Newham Council! Brimstone House: No place for children

Move families out of Brimstone House NOW!

On Sunday 7 February, a mother of two in Brimstone House, 10 Victoria Street, E15, could take it no more and shared very personal photos of her home to illustrate the contempt that Newham council has for families crammed into the shoddy, overcrowded, damp rooms in this building.

For two years, she has put up with damp, with mould, with inadequate and expensive heating appliances, with a cramped situation whereby she has to share a bed with her children, with no bedroom for her children to sleep in, no room to study for the older one now of school age, no privacy for her.

Then came the rain and in it came. Now the children’s books were ruined, now the mattress was all wet and all their bedding affected. She packed up the room into boxes and bags to safeguard what was left and she asked a family also living in similar conditions in the building if they could take her children overnight, which they kindly did. The next night, she found space on the kitchen floor to put the children down to sleep.

Being an active part of Focus E15 campaign, this brave, resilient mother put out the message to others. Tweeting Newham council got a response, she was contacted and there was a promise of a visit to see and sort out the problems….

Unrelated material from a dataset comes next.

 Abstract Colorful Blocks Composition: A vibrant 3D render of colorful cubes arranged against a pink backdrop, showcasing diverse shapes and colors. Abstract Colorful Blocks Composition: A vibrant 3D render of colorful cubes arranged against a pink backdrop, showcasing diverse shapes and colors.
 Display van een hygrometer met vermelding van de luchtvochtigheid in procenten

But this mother of two is clear, you can sort out the leak but you cannot fix the endemic problems of Brimstone House. The only way to reverse the negligence of extended stays in this appalling living situation, is to move people out to decent homes. Until then, the huge toll on adults’ and children’s mental and physical health will continue.

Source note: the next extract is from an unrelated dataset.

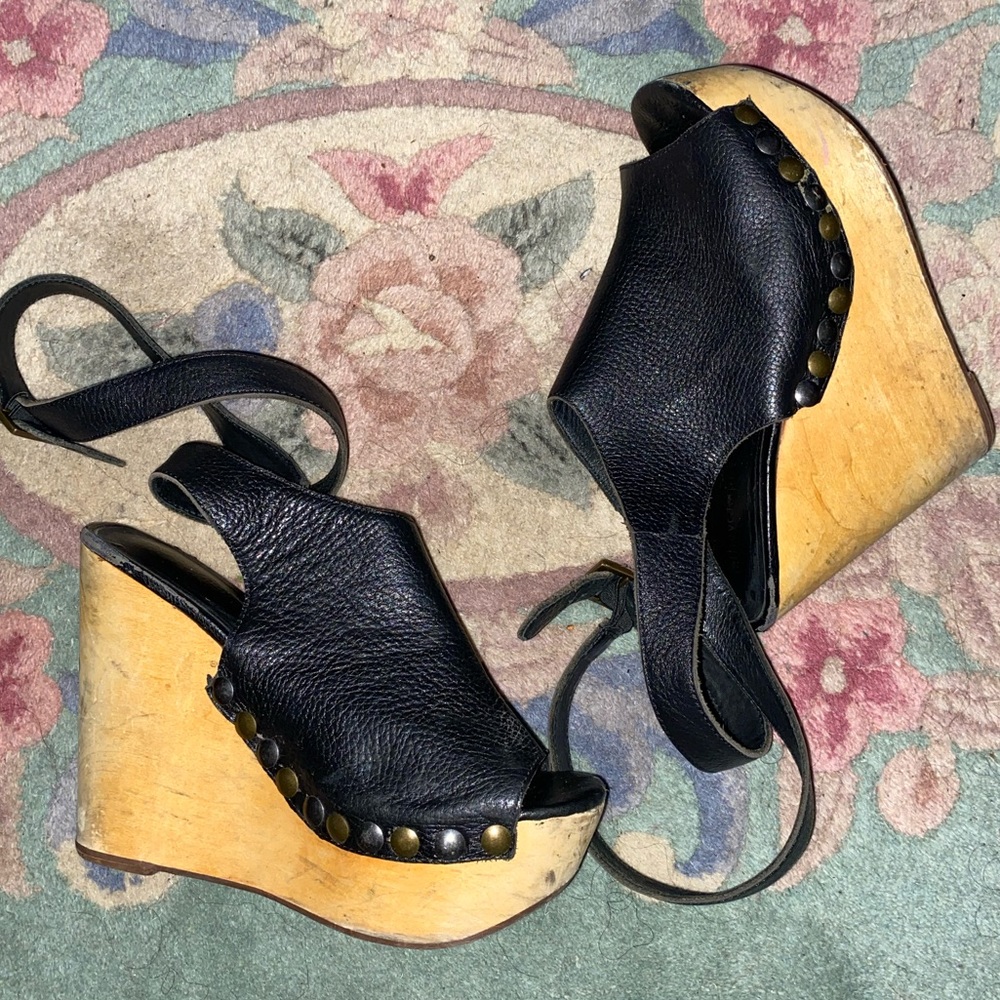 Jeffrey Campbell Nuevo Leather Wooden Platforms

Focus E15 campaign knows that there are empty homes around Newham, and shockingly, has to repeat again and again and again what everyone, including Rokhsana Fiaz, Mayor of Newham, knows only too well – there are over 400 empty council homes on the Carpenters Estate, deliberately left empty for well over a decade, less than a mile from Brimstone House.

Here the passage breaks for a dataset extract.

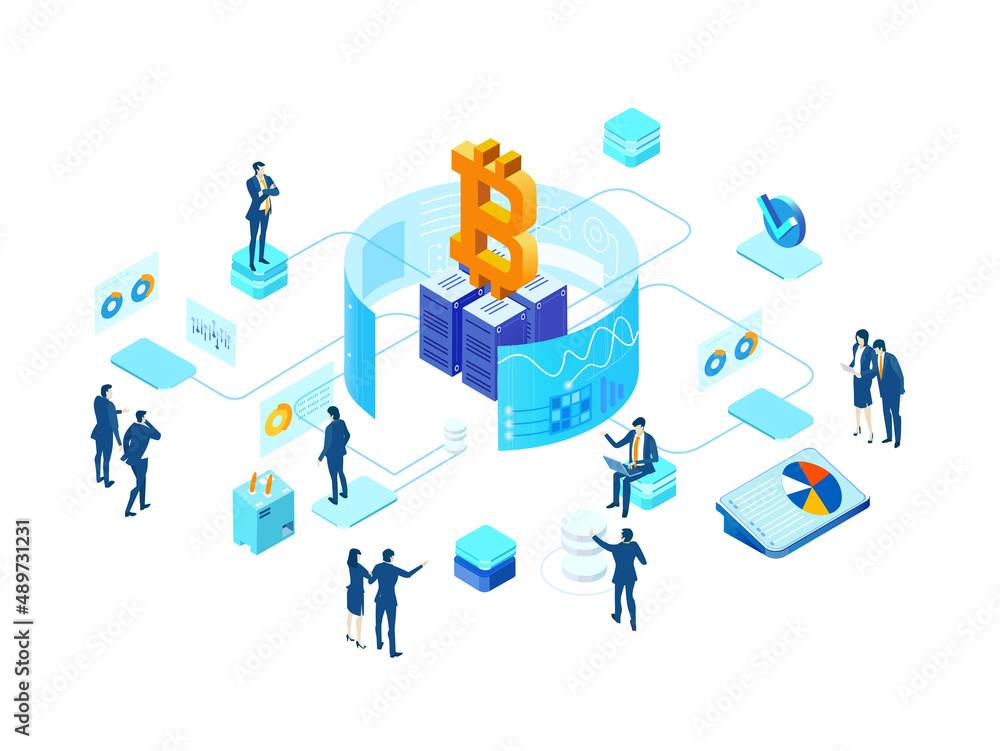 Business people mining crypto currency. Cryptocurrency concept miners and coins, mining equipment, creating block chain. Digital money, new finance era Business people mining crypto currency. Cryptocurrency concept miners and coins, mining equipment, creating block chain. Digital money, new finance era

Residents of Brimstone House have voiced their issues loud and clear over and over again. In a recent exchange, mothers of young children expressed some of the issues they are struggling with in Brimstone House, in lockdown and with extreme difficulty getting replies from housing officers now that Bridge House and other housing offices are shut.

The constant merry-go-round of temporary and emergency housing: ‘Moving again with my child….we have been living in a hotel, then a friend’s house and then various shared houses. It’s been a physically exhausting year living in London, we have been moved five times already.’

The lack of security: ‘It’s really hard to see a way out of this … and then the empty horrible threats that they will remove our children. All this is magnified by constant insecurity, knowing we’re at their mercy and they really can do what they want. If the council was someone’s partner, they would say it’s an abusive relationship.’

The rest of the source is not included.